Nothing but the lines from the one containing "Used 2025 Fluid" to the end of the records that follow should be transcribed, each exactly, with the pictures left out.

[Items from a data source]
---

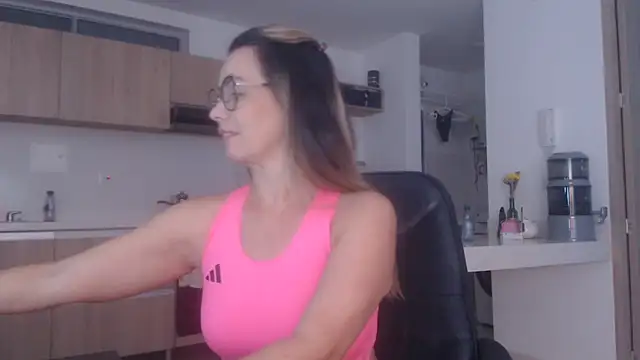 LovePaula online show from March 2026 11:00:02 PM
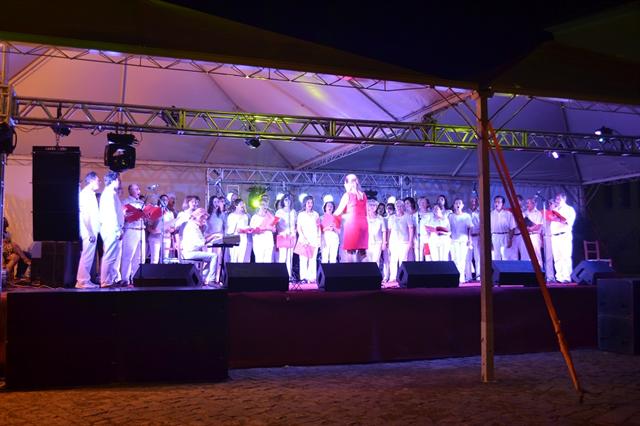 Natal Iluminado movimentou a noite de domingo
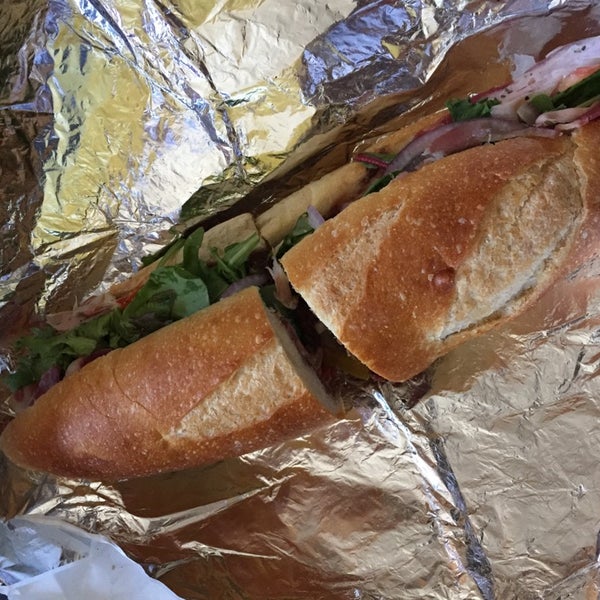 10/4/2014にJonathon C.がGraham Avenue Meats and Deliで撮った写真
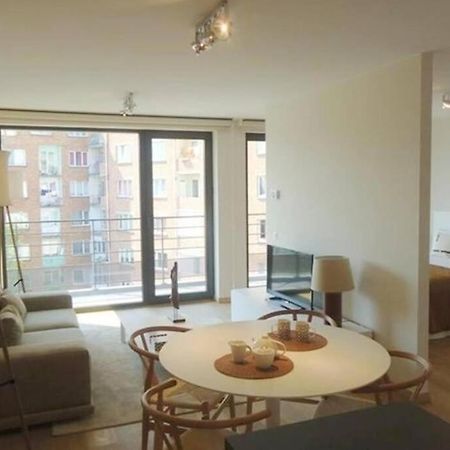 Luxury Suite Apartment Flagey/Louizalaan บรัสเซลส์ ภายนอก รูปภาพ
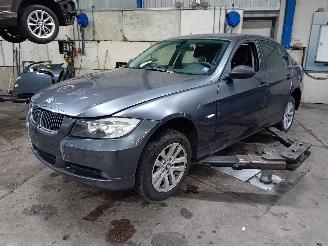 Salvage car BMW 3-serie 3 serie (E90) Sedan 318i 16V (N46-B20B) [95kW]  (09-2005/03-2007) 2006/2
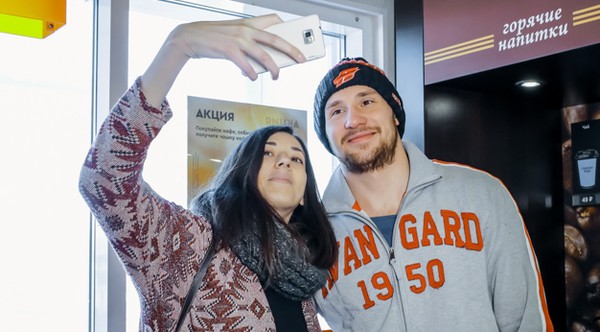 Хоккеисты "Авангарда" сыграли с омичами в настольный хоккей и поработали на заправке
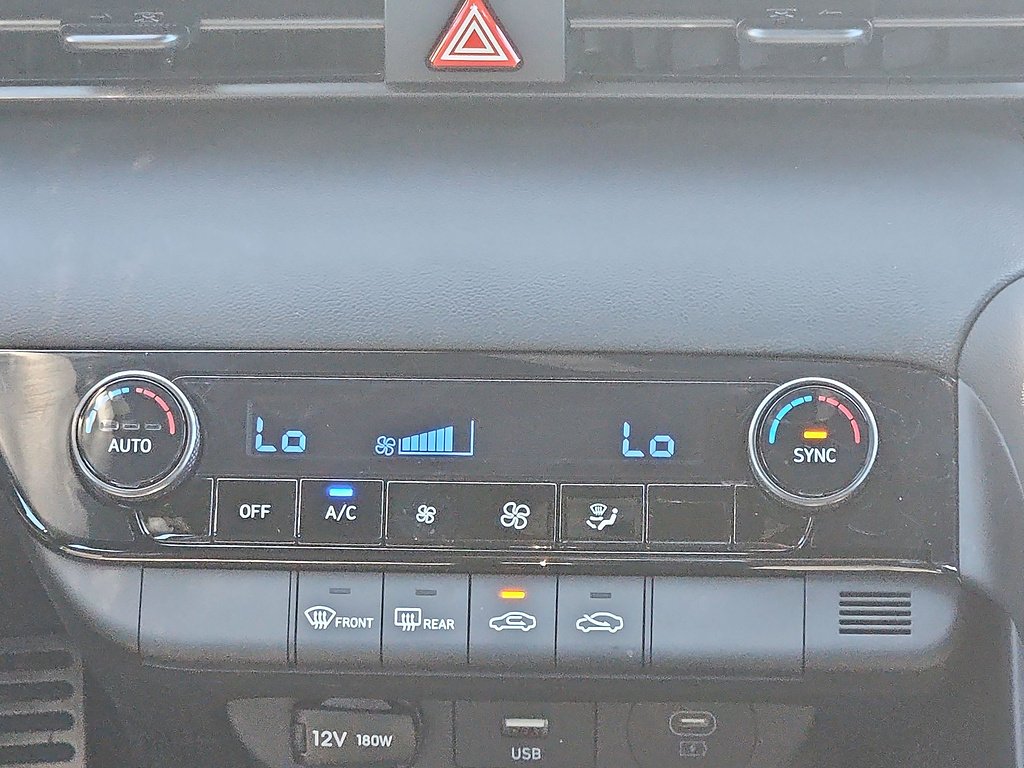 Used 2025 Fluid Metal Metallic Hyundai SEL Sport image 22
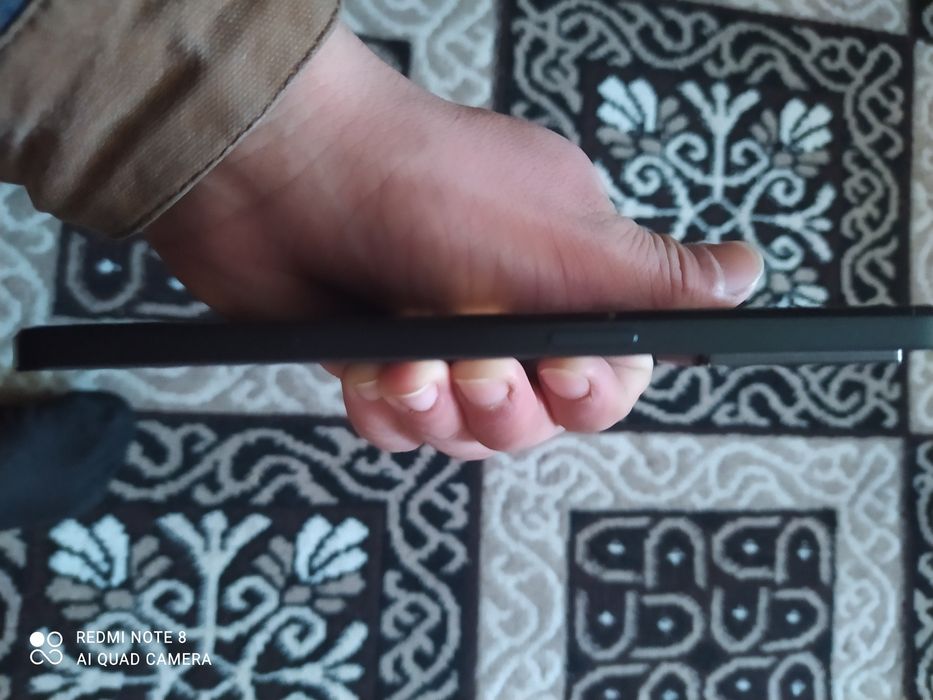 Oppo reno 7 sotiladi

---

Task solution:
 Used 2025 Fluid Metal Metallic Hyundai SEL Sport image 22
 Oppo reno 7 sotiladi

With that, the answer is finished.